In the listing below, locate the line with "Earlier, whenever we" and the line with "Mutation lists can", then output both and everything between them exactly, minus any pictures.
#### Data to process
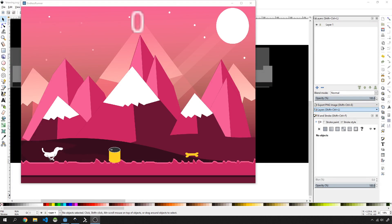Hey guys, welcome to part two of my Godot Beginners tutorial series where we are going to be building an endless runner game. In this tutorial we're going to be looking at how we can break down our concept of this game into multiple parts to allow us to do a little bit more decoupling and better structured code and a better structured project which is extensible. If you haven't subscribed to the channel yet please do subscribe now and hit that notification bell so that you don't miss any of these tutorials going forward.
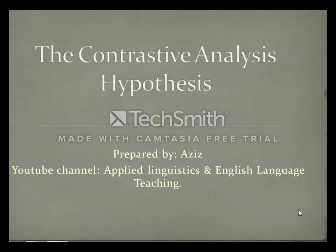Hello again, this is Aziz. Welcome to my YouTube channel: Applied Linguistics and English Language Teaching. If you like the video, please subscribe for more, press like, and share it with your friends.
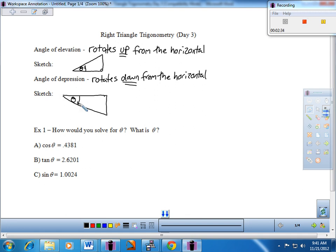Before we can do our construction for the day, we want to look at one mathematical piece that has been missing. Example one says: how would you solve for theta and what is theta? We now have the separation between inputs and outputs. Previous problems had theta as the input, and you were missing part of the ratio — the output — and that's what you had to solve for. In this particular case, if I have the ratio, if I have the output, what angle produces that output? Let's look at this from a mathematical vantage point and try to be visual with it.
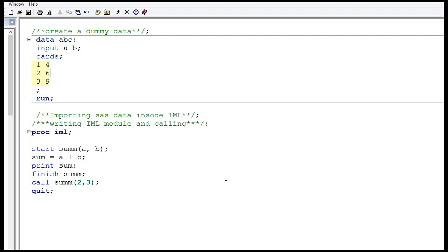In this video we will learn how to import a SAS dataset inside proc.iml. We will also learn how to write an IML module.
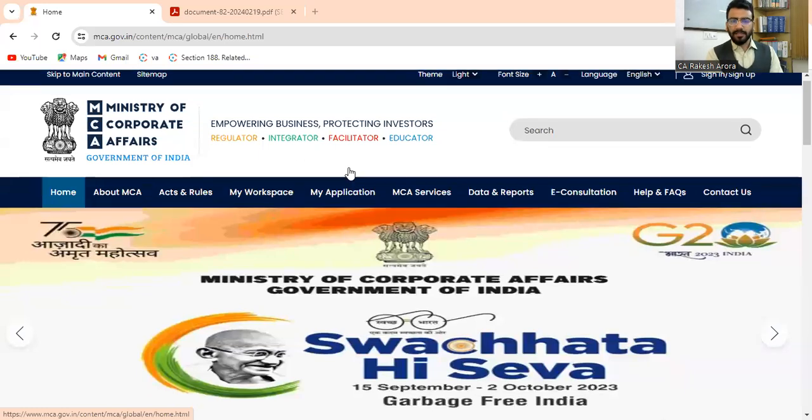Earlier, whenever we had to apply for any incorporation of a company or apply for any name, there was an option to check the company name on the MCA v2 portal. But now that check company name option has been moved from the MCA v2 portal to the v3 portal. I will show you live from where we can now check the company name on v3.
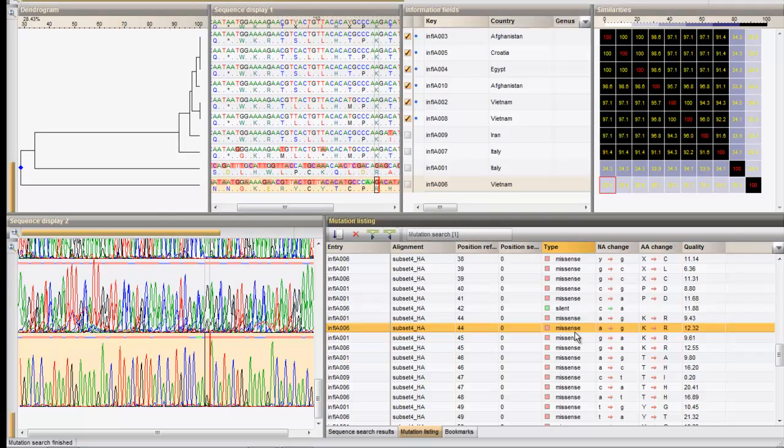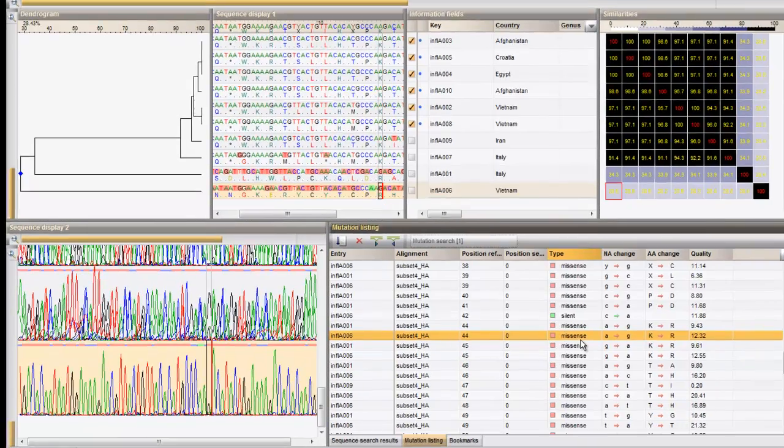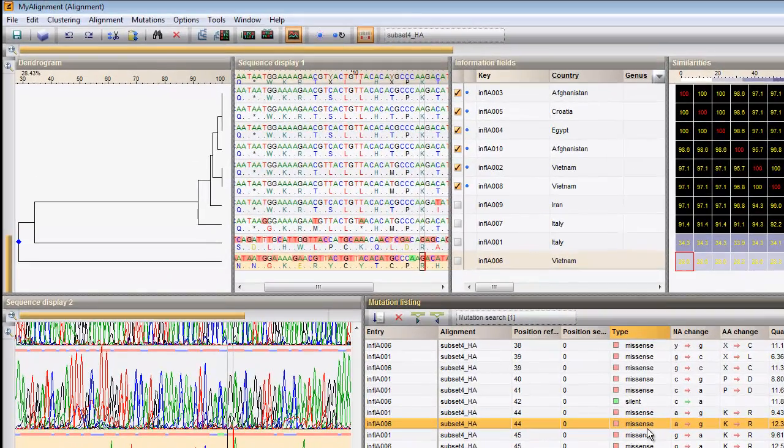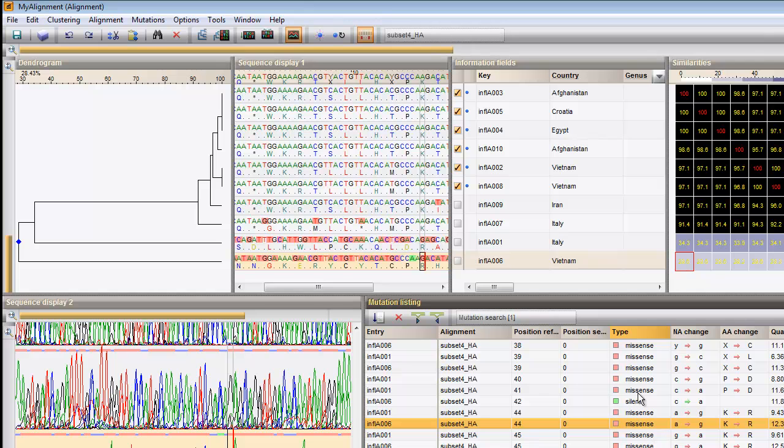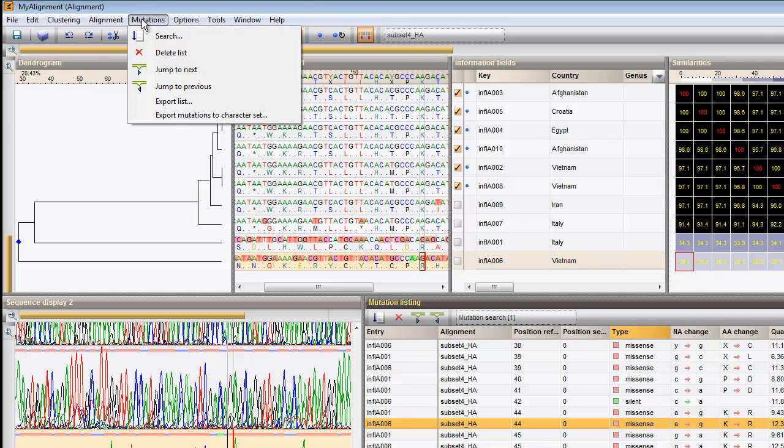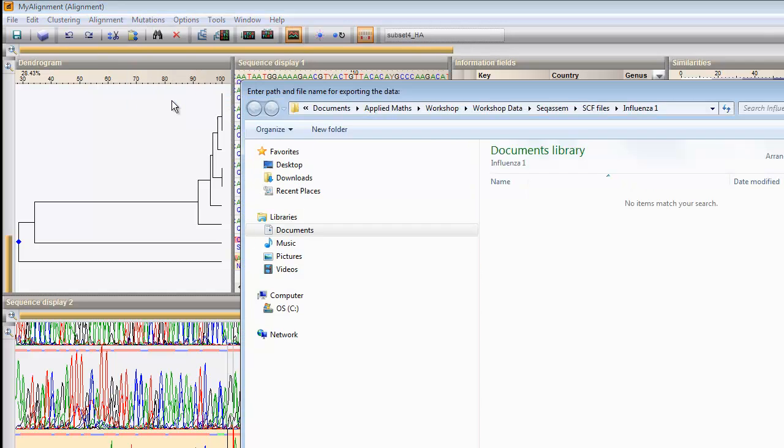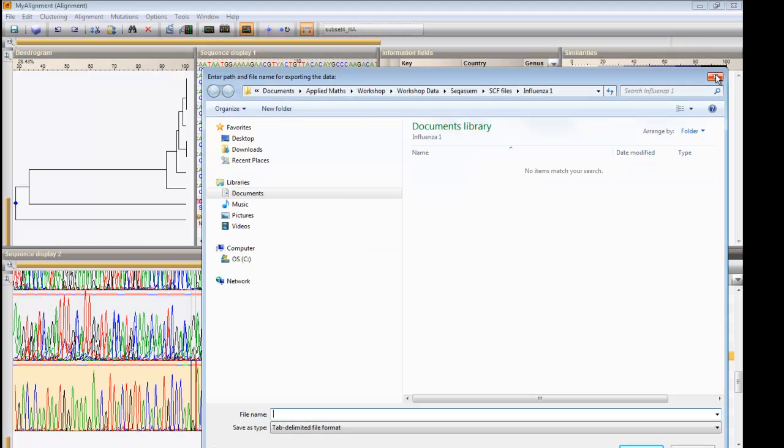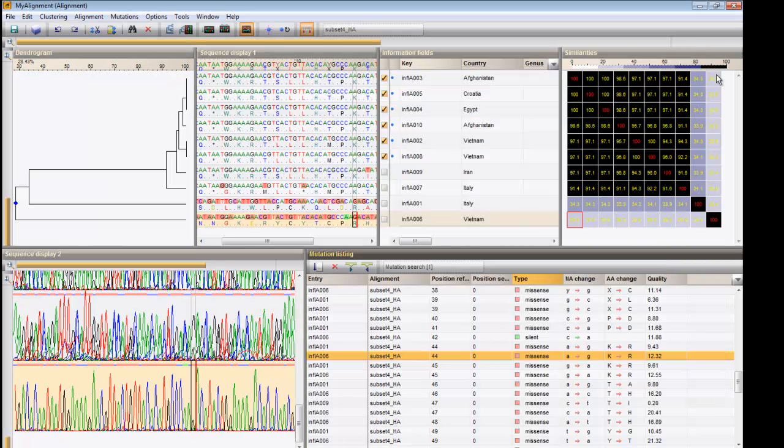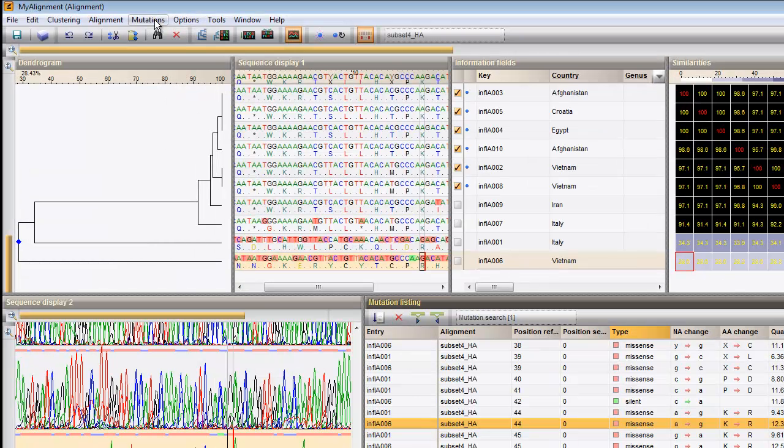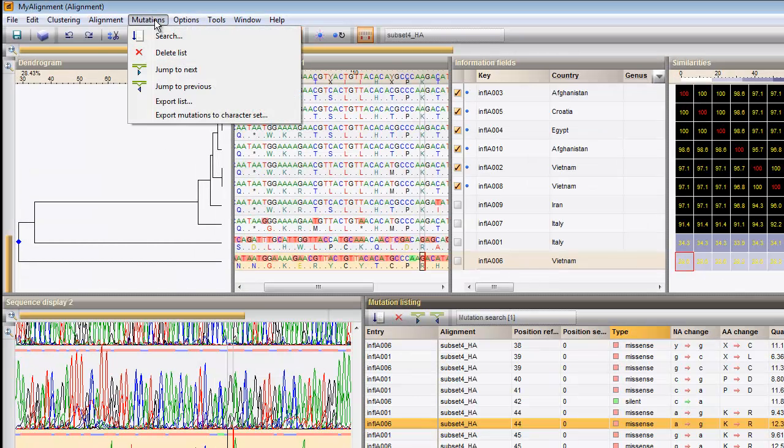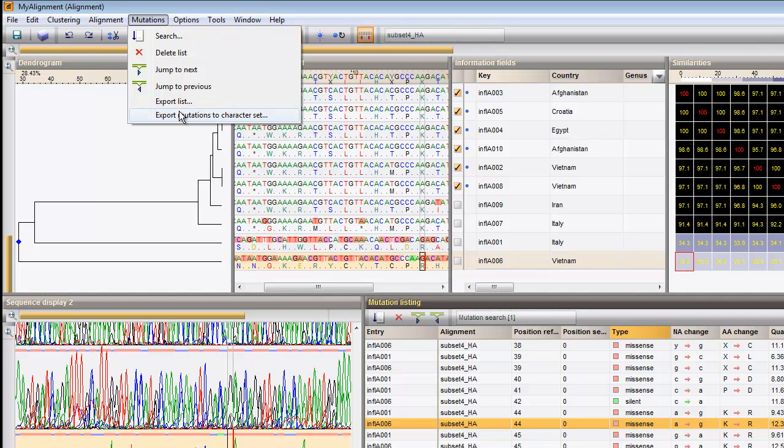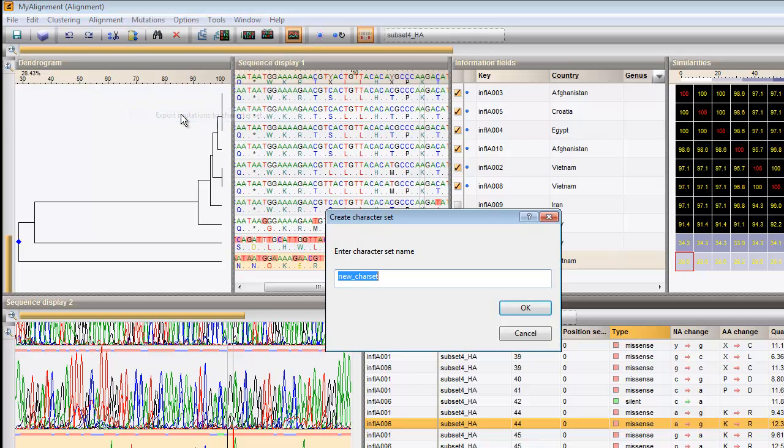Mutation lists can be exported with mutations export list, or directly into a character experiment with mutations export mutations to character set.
########
#### Data to process
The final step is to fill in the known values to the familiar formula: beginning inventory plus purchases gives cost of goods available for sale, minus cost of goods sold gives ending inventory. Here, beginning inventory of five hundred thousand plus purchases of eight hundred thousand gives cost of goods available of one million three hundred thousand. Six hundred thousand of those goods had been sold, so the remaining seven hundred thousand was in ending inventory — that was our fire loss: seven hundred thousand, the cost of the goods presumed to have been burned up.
########
#### Data to process
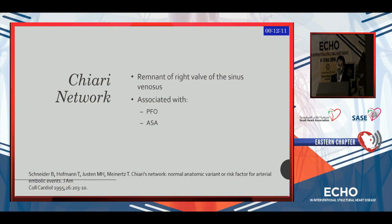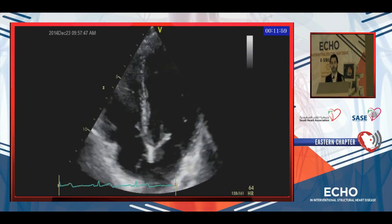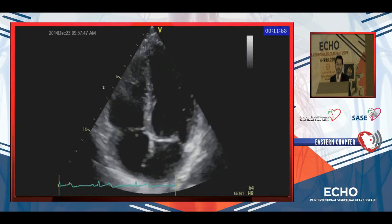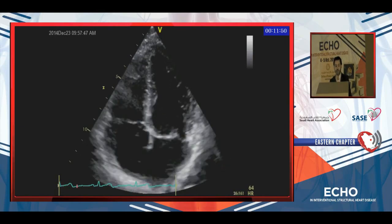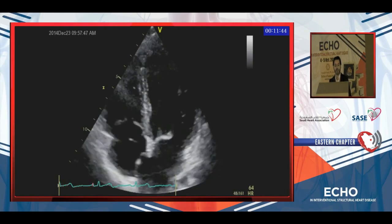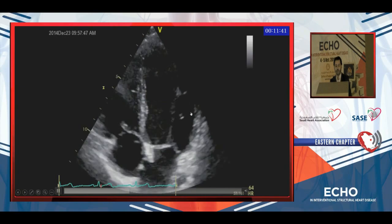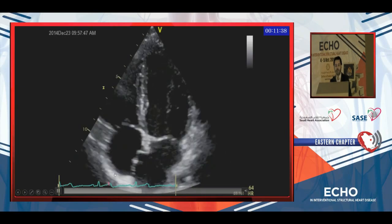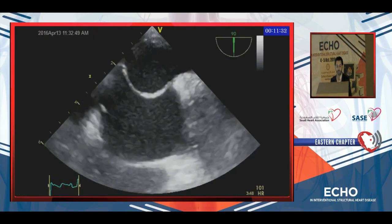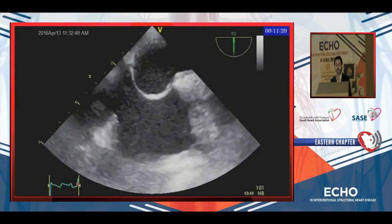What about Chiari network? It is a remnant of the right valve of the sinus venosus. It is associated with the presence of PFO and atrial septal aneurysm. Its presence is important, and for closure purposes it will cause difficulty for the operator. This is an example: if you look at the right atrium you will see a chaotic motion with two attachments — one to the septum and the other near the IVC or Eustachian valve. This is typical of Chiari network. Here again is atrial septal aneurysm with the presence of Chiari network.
########
■ **Answer space**
Earlier, whenever we had to apply for any incorporation of a company or apply for any name, there was an option to check the company name on the MCA v2 portal. But now that check company name option has been moved from the MCA v2 portal to the v3 portal. I will show you live from where we can now check the company name on v3.
Mutation lists can be exported with mutations export list, or directly into a character experiment with mutations export mutations to character set.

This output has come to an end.